Yang Xi pareceu entender, então também sorriu: “Tá bom, se eu recusar de novo vou estar exagerando. Se um dia eu for famosa, cada canção que você me der será paga pelo preço mais alto.”

Ren He murmurou baixinho: “Nessa altura, o meu dinheiro já vai ser o seu...”

“O que você disse?” O rosto de Yang Xi ficou vermelho. Mesmo falando baixo, ela ouviu. Já ouvira declarações diretas antes, mas nunca alguém tão descaradamente certo de si... Toda vez que ele entregava uma música era como se entregasse uma carta de amor. Sem vergonha.

“Haha, nada, nada.

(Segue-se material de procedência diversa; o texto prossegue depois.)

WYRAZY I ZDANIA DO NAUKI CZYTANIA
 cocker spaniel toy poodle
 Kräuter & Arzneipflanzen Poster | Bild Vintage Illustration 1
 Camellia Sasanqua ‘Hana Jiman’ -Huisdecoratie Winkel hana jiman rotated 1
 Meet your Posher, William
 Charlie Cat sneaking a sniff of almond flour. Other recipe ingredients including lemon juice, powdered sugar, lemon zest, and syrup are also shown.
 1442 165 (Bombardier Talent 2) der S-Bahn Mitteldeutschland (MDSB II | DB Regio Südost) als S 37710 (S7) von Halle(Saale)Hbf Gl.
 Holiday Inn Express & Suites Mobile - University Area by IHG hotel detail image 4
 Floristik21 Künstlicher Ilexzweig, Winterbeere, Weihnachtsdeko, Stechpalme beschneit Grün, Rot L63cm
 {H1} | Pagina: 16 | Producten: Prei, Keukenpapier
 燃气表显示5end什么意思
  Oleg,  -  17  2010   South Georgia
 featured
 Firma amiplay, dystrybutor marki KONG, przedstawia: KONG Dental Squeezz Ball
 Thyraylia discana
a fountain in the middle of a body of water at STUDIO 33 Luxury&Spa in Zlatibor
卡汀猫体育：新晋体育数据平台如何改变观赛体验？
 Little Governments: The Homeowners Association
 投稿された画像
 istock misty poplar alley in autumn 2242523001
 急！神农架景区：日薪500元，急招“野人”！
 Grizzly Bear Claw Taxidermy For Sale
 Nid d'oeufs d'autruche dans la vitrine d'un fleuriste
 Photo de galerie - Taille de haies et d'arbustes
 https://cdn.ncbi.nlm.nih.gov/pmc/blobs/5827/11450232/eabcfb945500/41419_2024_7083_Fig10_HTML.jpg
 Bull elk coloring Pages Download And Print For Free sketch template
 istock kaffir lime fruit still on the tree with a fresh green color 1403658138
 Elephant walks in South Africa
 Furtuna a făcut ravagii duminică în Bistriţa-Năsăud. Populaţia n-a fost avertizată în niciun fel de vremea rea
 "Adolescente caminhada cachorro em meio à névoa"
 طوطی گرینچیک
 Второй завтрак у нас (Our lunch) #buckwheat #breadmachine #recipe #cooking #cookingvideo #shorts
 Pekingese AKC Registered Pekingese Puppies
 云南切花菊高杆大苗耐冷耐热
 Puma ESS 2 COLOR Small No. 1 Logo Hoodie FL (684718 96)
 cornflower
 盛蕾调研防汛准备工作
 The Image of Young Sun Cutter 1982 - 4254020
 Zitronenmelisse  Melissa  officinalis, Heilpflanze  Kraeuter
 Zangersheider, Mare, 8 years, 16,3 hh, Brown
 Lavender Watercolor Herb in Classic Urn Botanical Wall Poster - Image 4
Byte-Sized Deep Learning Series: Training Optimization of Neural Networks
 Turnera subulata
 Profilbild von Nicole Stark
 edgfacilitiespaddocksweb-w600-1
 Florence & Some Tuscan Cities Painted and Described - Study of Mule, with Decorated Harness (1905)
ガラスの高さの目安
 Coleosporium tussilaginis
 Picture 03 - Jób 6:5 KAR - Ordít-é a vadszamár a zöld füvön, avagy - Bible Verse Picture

Mas por que seu pai ainda não chamou a gente para jantar?” Ren He perguntou, curioso.

“Hoje ele tem um compromisso importante fora”, explicou Yang Xi. “Eu posso te convidar para jantar.”

“Ótimo, vamos naquele restaurante de comida de Hunan em frente à sua casa”, Ren He aceitou, pegando o violão de Yang Xi e descendo as escadas. No fundo, pensava: Yang En não tinha se demitido? Para Yang Xi repetir “compromisso importante”, devia ser coisa que o próprio Yang En falava. Dizer à filha que tinha um compromisso importante à noite...

Mas, em Luoyang, que tipo de compromisso um diplomata como Yang En poderia ter?